Opportunities Exist for FDIC to Improve Information Security Controls

Although FDIC had implemented numerous controls over its systems, it had not always implemented access and other controls to protect the confidentiality, integrity, and availability of its financial systems and information.

A key reason for these weaknesses is that the corporation did not always fully implement key information security program activities, such as effectively developing and implementing security policies.

Although these weaknesses did not individually or collectively constitute a material weakness or significant deficiency in 2010, they still increase the risk that financial and other sensitive information could be disclosed or modified without authorization.

FDIC Had Not Always Protected System Boundaries

FDIC had not always controlled the logical and physical boundaries protecting its information and systems. Examples are as follows:

  • Certain network devices, servers, and workstations on FDIC’s internal network were not always configured to sufficiently restrict access or to fully secure connections.
  • Firewalls controlling traffic between segments of FDIC’s internal network did not sufficiently control certain types of network traffic.
  • Boundary protection controls were configured in a manner that limited the effectiveness of monitoring controls.

As a result of these deficiencies, FDIC faces an increased risk that individuals could gain unauthorized access to its financial systems and information.

Controls for Identifying and Authenticating Users Were Not Consistently Enforced

FDIC had not consistently enforced other identification and authentication user controls. Examples are as follows:

  • Passwords for certain privileged accounts on a system supporting financial processing were not configured in accordance with FDIC policy. Additionally, two of the accounts were using the same password.
  • Password settings for certain accounts on a system supporting the loss-share loss estimation process were not configured in accordance with FDIC policy.
  • Systems supporting financial processing were not always configured with sufficiently strong identification and authentication controls.
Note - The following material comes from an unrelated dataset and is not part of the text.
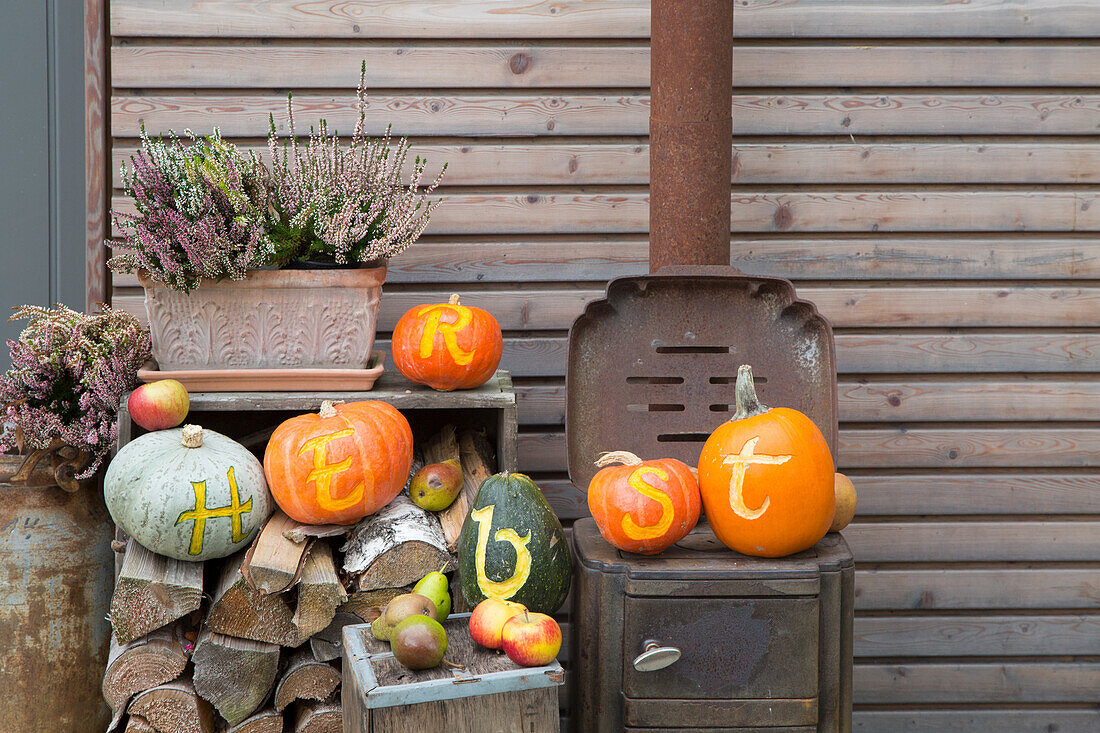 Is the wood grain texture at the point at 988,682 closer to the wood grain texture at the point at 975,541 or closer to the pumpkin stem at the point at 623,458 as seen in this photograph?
the wood grain texture at the point at 975,541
As a result of these deficiencies, FDIC is at an increased risk that an individual with malicious intentions could gain inappropriate access to its financial systems and information.
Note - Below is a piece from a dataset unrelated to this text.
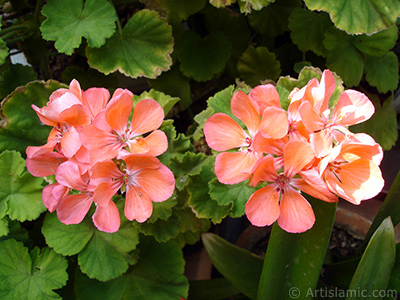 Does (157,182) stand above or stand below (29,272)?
above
Sensitive Information Was Not Always Encrypted

FDIC had implemented controls to encrypt certain sensitive information on its systems. For example, it had restricted the use of unencrypted protocols on the mainframe and had required that sensitive information stored on user workstations or mobile devices be encrypted.
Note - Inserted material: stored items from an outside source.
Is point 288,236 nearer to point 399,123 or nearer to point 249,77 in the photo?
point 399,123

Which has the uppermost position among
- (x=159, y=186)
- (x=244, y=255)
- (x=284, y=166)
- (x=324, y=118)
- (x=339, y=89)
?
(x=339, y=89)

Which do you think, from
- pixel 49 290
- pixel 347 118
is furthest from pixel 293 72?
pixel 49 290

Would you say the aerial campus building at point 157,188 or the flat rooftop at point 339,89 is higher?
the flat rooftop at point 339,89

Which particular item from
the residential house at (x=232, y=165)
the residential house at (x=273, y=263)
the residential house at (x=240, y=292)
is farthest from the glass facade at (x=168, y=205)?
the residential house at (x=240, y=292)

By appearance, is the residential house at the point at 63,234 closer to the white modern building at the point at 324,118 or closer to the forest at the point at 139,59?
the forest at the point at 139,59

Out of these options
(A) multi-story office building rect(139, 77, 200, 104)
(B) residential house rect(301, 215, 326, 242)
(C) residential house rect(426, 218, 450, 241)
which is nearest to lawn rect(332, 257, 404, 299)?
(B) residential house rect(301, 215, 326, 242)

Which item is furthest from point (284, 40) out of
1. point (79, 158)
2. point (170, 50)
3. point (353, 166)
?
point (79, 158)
However, FDIC had not always ensured that sensitive financial information transmitted over and stored on its network was adequately encrypted. Specifically, FDIC had not always used sufficiently strong encryption on two systems supporting the loss-share loss estimation process and had not always strongly encrypted stored passwords on certain financial systems.

As a result of these deficiencies, FDIC is at an increased risk that an individual could capture information such as user IDs and passwords and use them to gain unauthorized access to data and system resources.

Critical Systems Were Not Always Fully Patched

FDIC had patched many of its systems and had ensured that much of its software was up-to-date. For example, it had retired critical network devices that were not supported by their manufacturers, updated patch levels for third-party software running on two UNIX servers, and removed an obsolete version of third-party software running on a Windows server.

However, FDIC had not consistently updated its financial systems and servers with critical patches or kept its software up-to-date, including systems supporting the loss-share loss estimation process.

For example, certain servers supporting financial processing were running a version of software that was unsupported for patch updates, and several workstations used in the loss-share loss estimation process were missing patches and were running software that was no longer supported by the manufacturer.

Additionally, certain workstations were missing operating system patches. As a result of these deficiencies, FDIC is at an increased risk that unpatched vulnerabilities could allow its information and information systems to be compromised.